Back to saas analytics. For Growthbar, which we're looking at quite heavily right now, we're struggling with basic metrics:

  • what's the visit to signup rate (relatively easy)
  • signup to paid user (relatively easy)
  • Everything else that happens in between (hard)
  • why the user signed up but didn't pay (hardest).

Questions that are hard to answer in analytics products:

  • What actions are different between converted users and churned users or users who fail to convert.
  • So and so churned ... what did they do in the app?
  • So and so didn't convert from the free trial ... what did they do in the app?
  • When in the data can we see the usage of a user drop off (i.e. when we should step in).
  • What exactly did user X do. I want to look at 10 churned users and 10 customers that have been with us for a while. Find me some similarities, and some differences.

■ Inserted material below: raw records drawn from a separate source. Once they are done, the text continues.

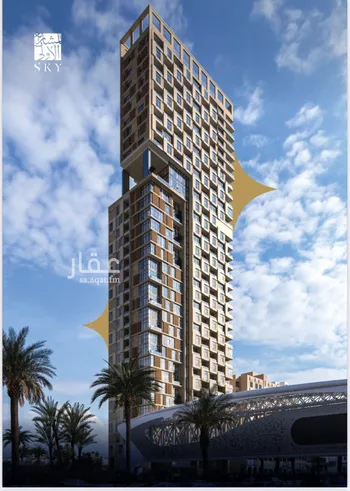 عمارة للبيع في شارع الملك فهد الفرعي, حي العليا, مدينة الرياض, منطقة الرياض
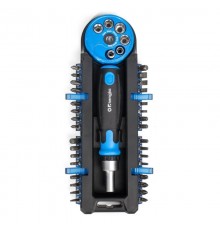 Набор отвертка с битами "Мастер" НБ-39  79772  КВТ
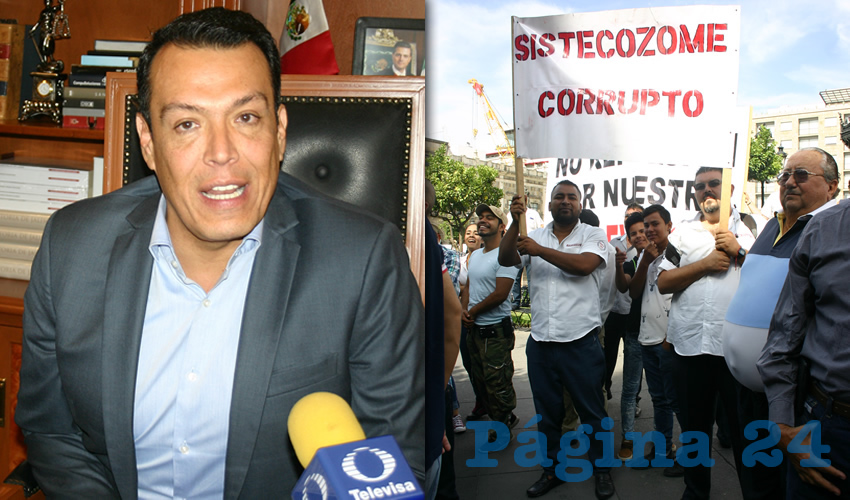 Sin adelantar opinión en torno al tema, Roberto López Lara, secretario General de Gobierno, dijo que más bien se iría “a conocer los números, los costos, el gasto de operación, qué tan viable es que siga en el estado o que se fusione con alguna otra propuesta”/Foto: Francisco Tapia 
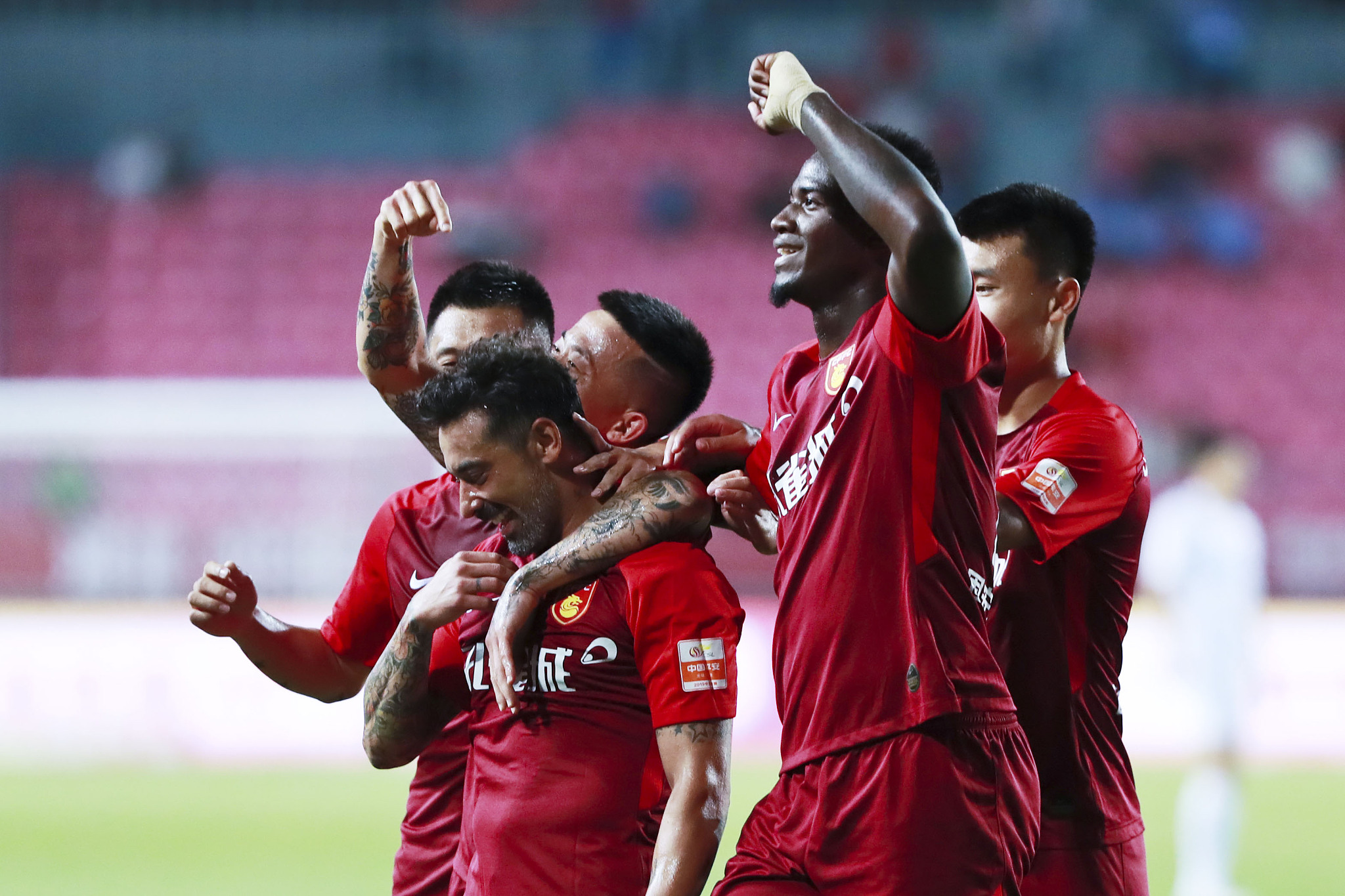 的精彩亮相 的精彩亮相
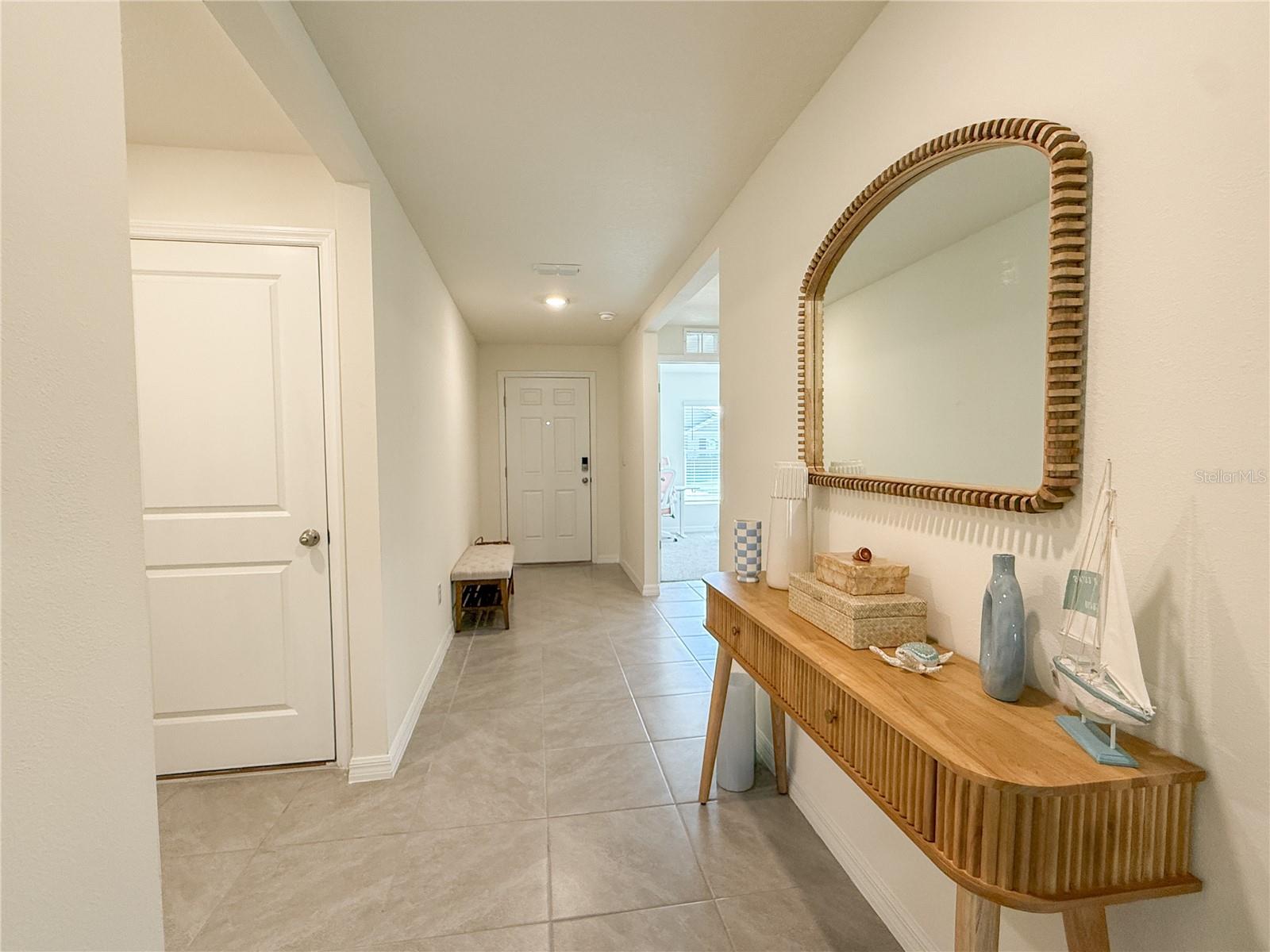 Entry way
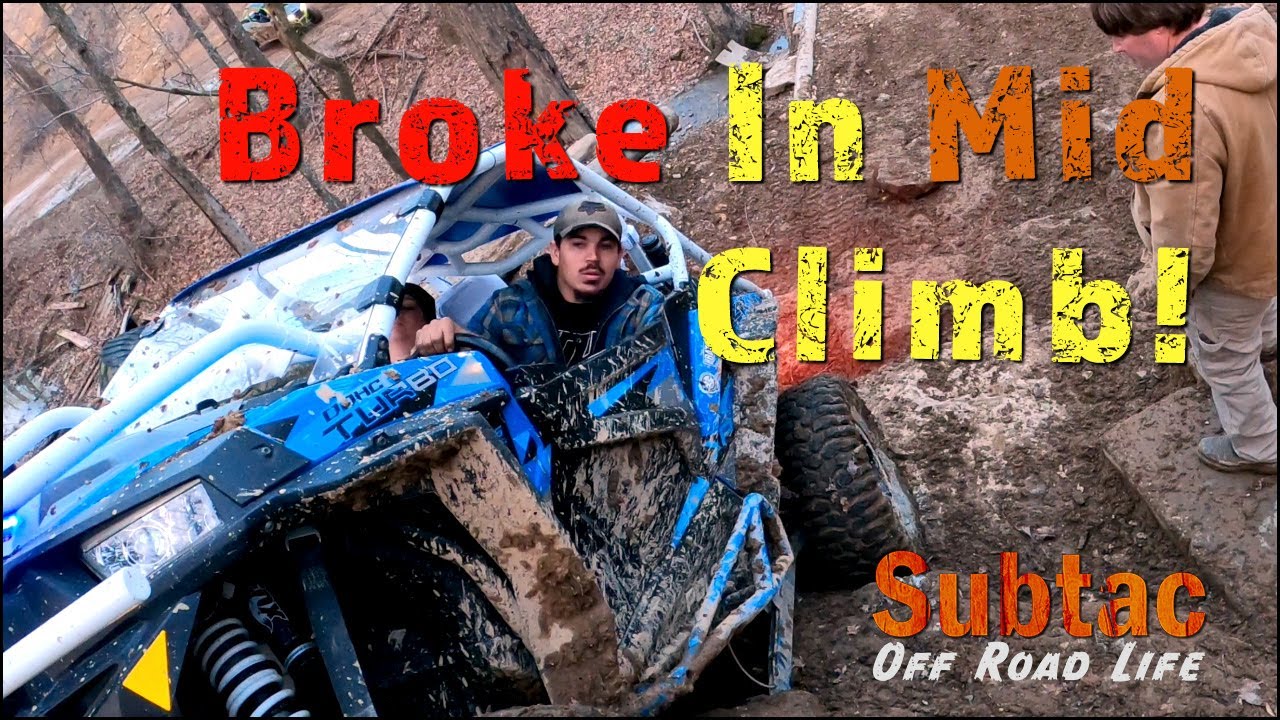 Jeeps Climbing - Rzrs Breaking - All Out Off Road Mayhem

Product analytics tools want to show you endlessly configurable dashboards. but I need the story the data is telling me. If I have the data in a particular format, I can then start thinking about using an LLM to do some heavy analytical insight for me automatically.

Department Of Random

If you have a few minutes this week check out this talk by Mailchimp's founder Ben Chestnut. What a different kind of founder. Just contrast this with any interview from another founder who created a unicorn. A singular kind of guy. And notice how fun he makes working there feel. I'd work for this guy. Can't say the same about a lot of the other CEOs I've seen playing the game at this level.

Listening to stories like this is slightly infuriating. He was focused on something else and built a little thing that just grew and they basically did as little as possible for years and then looked up one day and was like "holy heck, this thing makes more money than our main business, we should just do that". And they did. Not to say it was easy, etc, but getting .

Not Yet An Idea

I revisited Ray Dalio's Principles recently and am a little stuck on one small comment in there where most of their management decisions are decided by an algorithm of sorts (in addition to their investment decision). This is insane and amazing. One of these weekends I'd like to take the snapshots of every acquisition we made at the time that we made it and start to build up a model of what we say yes to, what we say no to and why and see if we can build a disciplined agent to help guide investment decisions.